Find the range \(R\) and maximum height \(H\) of the projectile. Round answers to two decimal places. The projectile is fired at an angle of \(30^{\circ}\) to the horizontal with an initial speed of 150 meters per second.

Short answer

Range is 1989.17 meters, and maximum height is 286.99 meters.

Step-by-step solution

- Determine Initial Velocity Components

First, find the horizontal and vertical components of the initial velocity. Use the given angle ( 30^{\circ}) and initial speed (150 m/s).Horizontal Component: $$\text{{v}}_{{0x}}=\text{{v}}_0 \cos(\theta) = 150 \cos(30^{\circ}) = 150 \times 0.866 = 129.9 \text{ m/s}.$$Vertical Component: $$\text{{v}}_{{0y}} = \text{{v}}_0 \sin(\theta) = 150 \sin(30^{\circ}) = 150 \times 0.5 = 75 \text{ m/s}.$$

- Find the Time of Flight

The time of flight is the total time the projectile will be in the air. From vertical motion equations,$$t = \frac{{2 \text{{v}}_{{0y}}}}{{g}} = \frac{{2 \times 75}}{{9.8}} \approx 15.31 \text{ seconds}.$$

- Calculate the Range

The range (R) is the horizontal distance traveled by the projectile.$$R = \text{{v}}_{{0x}} t = 129.9 \times 15.31 \approx 1989.17 \text{ meters}.$$

- Calculate Maximum Height

The maximum height (H) is achieved when the vertical component of the velocity is zero:$$H = \frac{{\text{v}_{{0y}}^2}}{2g} = \frac{{75^2}}{2 \times 9.8} \approx 286.99 \text{ meters}.$$

Key concepts

range of projectile

In projectile motion, the range is the horizontal distance the projectile covers before it lands back on the ground. It's important because it tells us how far the object travels.
The formula to calculate the range (\text{R}) of a projectile is:
\[R = v_{0x} t\]
Where

• \(v_{0x}\) is the initial horizontal velocity
• \(t\) is the time of flight

To find \(v_{0x}\), we use:
\[v_{0x} = v_0 \, cos(\theta)\]
Given:
\(v_0 = 150 \ ms^{-1}, \theta = 30^{\text{degrees}}\), we get:
\[v_{0x} = 150 \, cos(30^{\text{degrees}}) = 150 \, \times 0.866 = 129.9 \, ms^{-1}\]
Next, we use the formula for time of flight (discussed in its section) to find \(t\), and then use it to compute the range.
Range calculation:
\[R \approx 129.9 \, \times 15.31 \approx 1989.17 \text{ meters}\].
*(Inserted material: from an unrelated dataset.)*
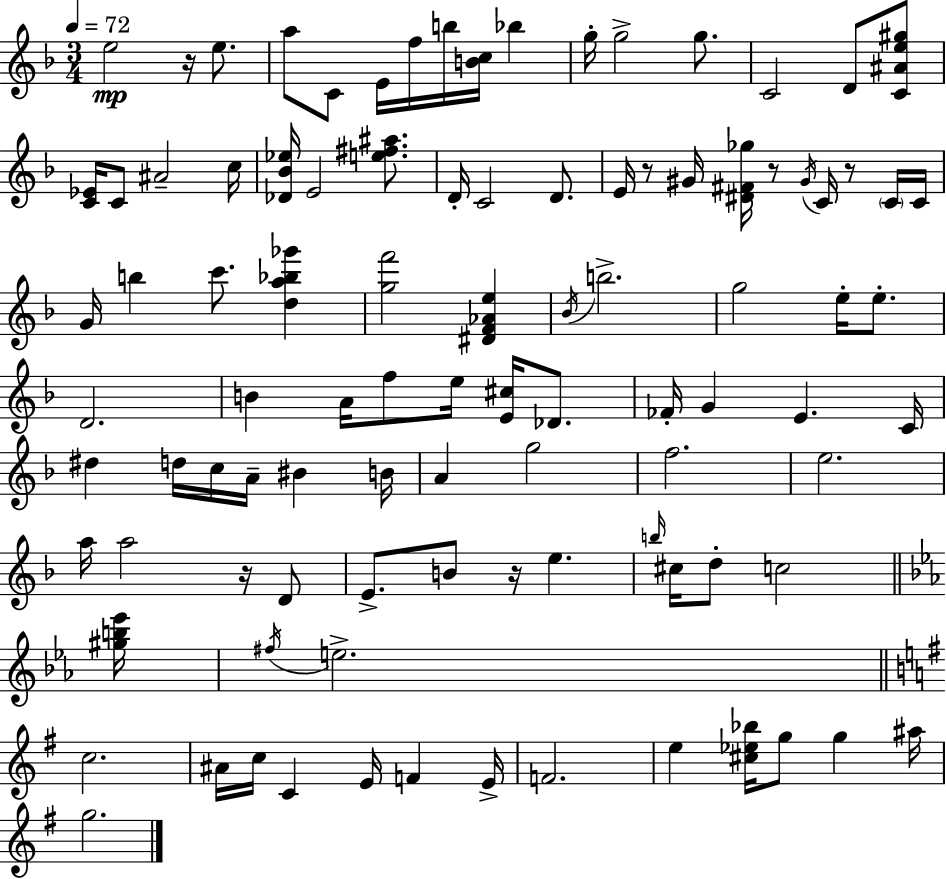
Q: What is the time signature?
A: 3/4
maximum height of projectile

The maximum height (\text{H}) of a projectile is the highest point it reaches during its motion. It's a useful measure when analyzing the vertical aspect of projectile motion.
The formula to find maximum height is:
\[H = \frac{v_{0y}^2}{2g}\]
Where

• \(v_{0y}\) is the initial vertical velocity
• \(g\) is the acceleration due to gravity

To find \(v_{0y}\), we use:
\[v_{0y} = v_0 \, sin(\theta)\]
Given:
\(v_0 = 150 \ ms^{-1}, \theta = 30^{\text{degrees}}\), we get:
\[v_{0y} = 150 \, sin(30^{\text{degrees}}) = 150 \, \times 0.5 = 75 \, ms^{-1}\]
Then we use this velocity to compute the maximum height:
\[H = \frac{75^2}{2 \times 9.8} \approx 286.99 \text{ meters}\]
This shows that the projectile will reach 286.99 meters above the initial launch point.
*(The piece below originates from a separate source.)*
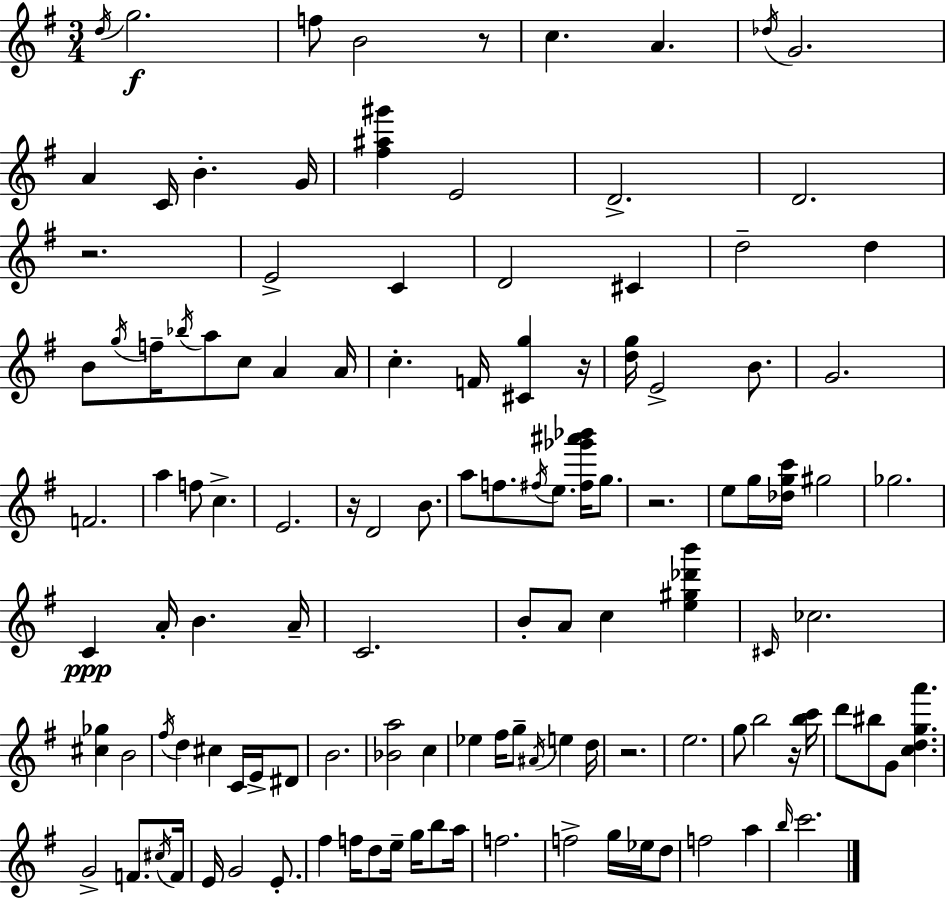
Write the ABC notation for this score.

initial velocity components

When dealing with projectile motion, the initial velocity is broken down into two components: horizontal (\text{v_{0x}}) and vertical (\text{v_{0y}}). This is crucial because it helps us analyze the motion separately in horizontal and vertical directions.
The formulas are:

• Horizontal: \(v_{0x} = v_0 \, cos(\theta)\)
• Vertical: \(v_{0y} = v_0 \, sin(\theta)\)

Given:
\(v_0 = 150 \ ms^{-1}\), and \(\theta = 30^{\text{degrees}}\), we calculate:

• Horizontal Component: \(v_{0x} = 150 \, cos(30^{\text{degrees}}) = 129.9 \ ms^{-1}\)
• Vertical Component: \(v_{0y} = 150 \, sin(30^{\text{degrees}}) = 75 \ ms^{-1}\)
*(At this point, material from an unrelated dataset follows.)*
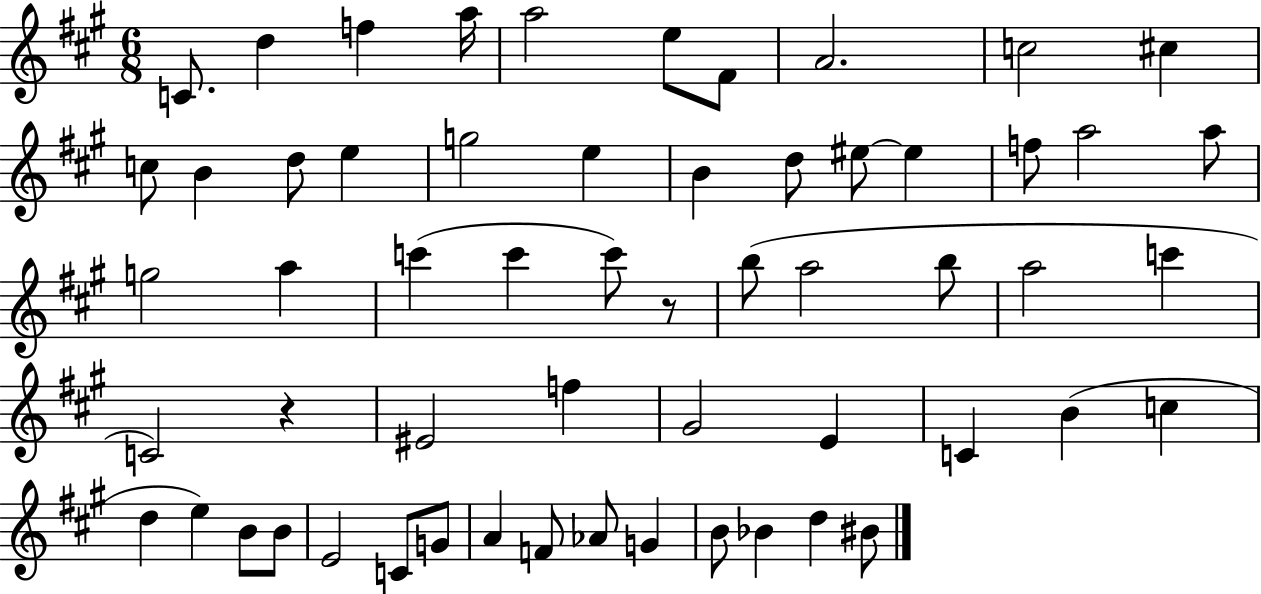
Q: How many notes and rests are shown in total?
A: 58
Understanding these components allows us to use them in further calculations for other properties of projectile motion like range and maximum height.

time of flight

The time of flight (\text{t}) of a projectile is the total time it remains in the air from launch to landing.
To find the time of flight, we focus on the vertical motion using the formula:
\[t = \frac{2v_{0y}}{g}\]
Where

• \(v_{0y}\) is the initial vertical velocity
• \(g\) is the acceleration due to gravity

Given:
\(v_{0y} = 75 \ ms^{-1}, g = 9.8 \ ms^{-2}\), we calculate:
\[t \approx \frac{2 \times 75}{9.8} \approx 15.31 \, \text{seconds}\]
This value indicates that the projectile will be in the air for approximately 15.31 seconds before hitting the ground.